*ACTIVITY*
Only lines with the word "Black" are wanted; copy each of them from the listing below.

= Beginning of Section =

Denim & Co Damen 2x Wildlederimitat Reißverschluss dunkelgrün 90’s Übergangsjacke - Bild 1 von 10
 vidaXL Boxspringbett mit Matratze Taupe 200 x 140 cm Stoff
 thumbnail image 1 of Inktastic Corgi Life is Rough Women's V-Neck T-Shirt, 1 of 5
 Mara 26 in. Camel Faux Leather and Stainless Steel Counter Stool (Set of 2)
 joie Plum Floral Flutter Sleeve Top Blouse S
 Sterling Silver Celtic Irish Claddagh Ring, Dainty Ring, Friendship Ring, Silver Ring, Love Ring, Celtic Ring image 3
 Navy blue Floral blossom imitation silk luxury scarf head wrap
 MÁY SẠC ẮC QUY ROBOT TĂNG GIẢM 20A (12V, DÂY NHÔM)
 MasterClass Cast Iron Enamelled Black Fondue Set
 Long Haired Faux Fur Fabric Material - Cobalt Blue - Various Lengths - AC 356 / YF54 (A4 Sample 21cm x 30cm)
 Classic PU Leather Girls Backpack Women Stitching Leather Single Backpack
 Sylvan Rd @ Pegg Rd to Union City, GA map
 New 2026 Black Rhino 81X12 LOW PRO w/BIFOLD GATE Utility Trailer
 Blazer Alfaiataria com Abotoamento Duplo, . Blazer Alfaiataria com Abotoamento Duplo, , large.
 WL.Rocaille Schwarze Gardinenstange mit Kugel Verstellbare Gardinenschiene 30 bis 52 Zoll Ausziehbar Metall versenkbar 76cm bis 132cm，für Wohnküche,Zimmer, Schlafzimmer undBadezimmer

= End of Section =

*RESPONSE FOR THIS EXERCISE*
 MasterClass Cast Iron Enamelled Black Fondue Set
 New 2026 Black Rhino 81X12 LOW PRO w/BIFOLD GATE Utility Trailer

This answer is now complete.